Goal of the exercise>
Repeat the entries without change, omitting the pictures.

Information shown: Begin

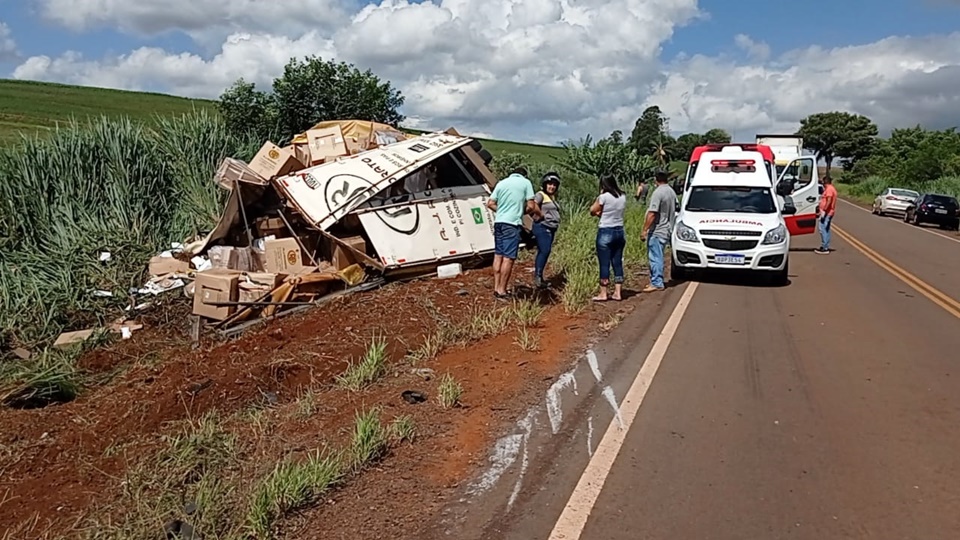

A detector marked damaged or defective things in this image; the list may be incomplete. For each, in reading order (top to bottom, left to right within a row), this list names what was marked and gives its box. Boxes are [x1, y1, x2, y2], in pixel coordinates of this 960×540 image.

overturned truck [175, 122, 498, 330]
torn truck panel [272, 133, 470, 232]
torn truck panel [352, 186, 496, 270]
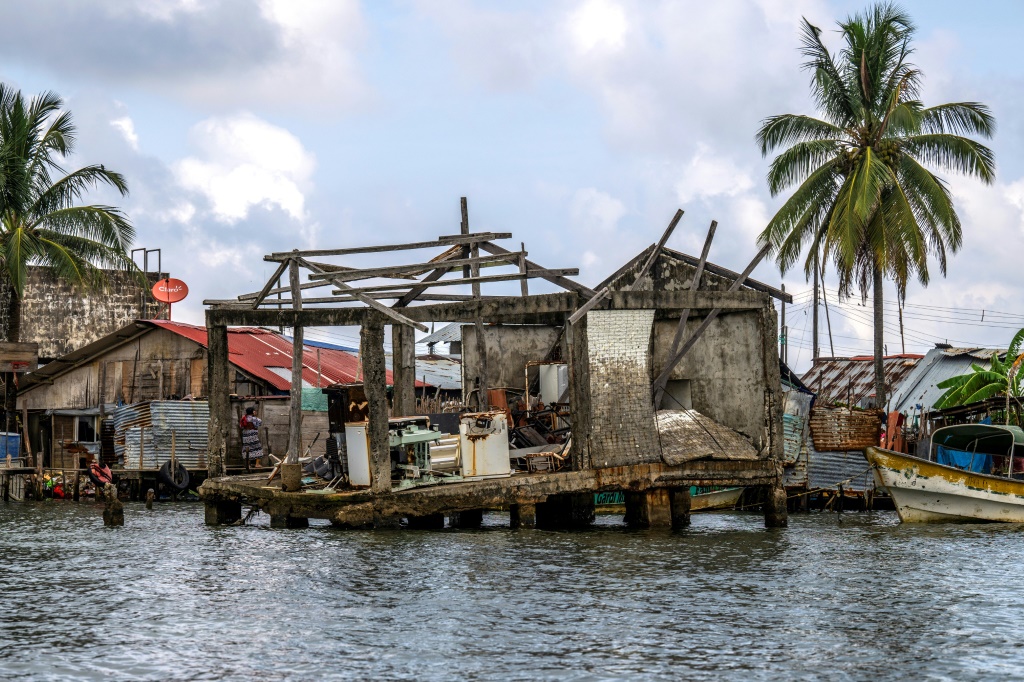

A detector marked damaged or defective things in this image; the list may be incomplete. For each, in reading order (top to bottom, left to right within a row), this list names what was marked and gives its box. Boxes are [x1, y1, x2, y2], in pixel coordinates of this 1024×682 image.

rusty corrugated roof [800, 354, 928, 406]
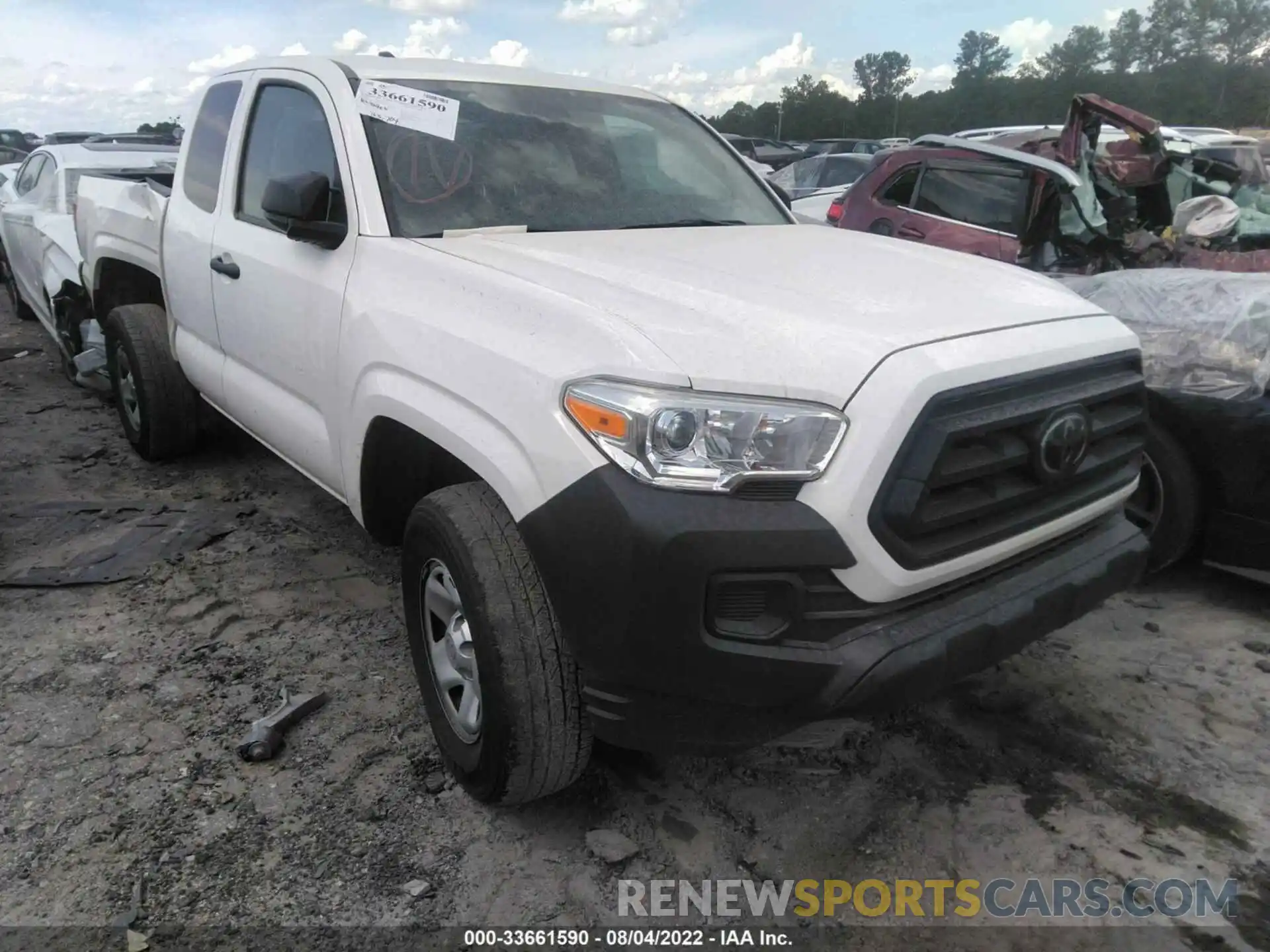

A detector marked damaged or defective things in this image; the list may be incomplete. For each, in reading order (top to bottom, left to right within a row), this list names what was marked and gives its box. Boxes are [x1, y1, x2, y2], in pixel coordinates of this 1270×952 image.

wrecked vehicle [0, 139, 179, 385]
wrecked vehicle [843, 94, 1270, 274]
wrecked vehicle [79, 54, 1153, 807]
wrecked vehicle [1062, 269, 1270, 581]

Information shown: End

Response>
A detector marked damaged or defective things in this image; the list may be incomplete. For each, in reading order (top to bottom, left to right within a row), this list names what was marked and gives its box. Boxes are [x1, y1, x2, y2], in pixel coordinates of this 960×540 image.

overturned truck [175, 122, 498, 330]
torn truck panel [272, 133, 470, 232]
torn truck panel [352, 186, 496, 270]

A detector marked damaged or defective things in this image; the list may be incomplete. For each, in reading order (top to bottom, left to right within a row), this list names what was marked and gives its box. Boxes are [x1, y1, x2, y2], in pixel coordinates of this 1024×682 image.

rusty corrugated roof [800, 354, 928, 406]

A detector marked damaged or defective things in this image; the list may be incomplete. For each, in reading order (top to bottom, left to right within a row), this list names what was marked and gives its box. Boxes are [x1, y1, x2, y2], in pixel coordinates of this 1270×952 image.

wrecked vehicle [0, 139, 179, 385]
wrecked vehicle [843, 94, 1270, 274]
wrecked vehicle [79, 54, 1153, 807]
wrecked vehicle [1062, 269, 1270, 581]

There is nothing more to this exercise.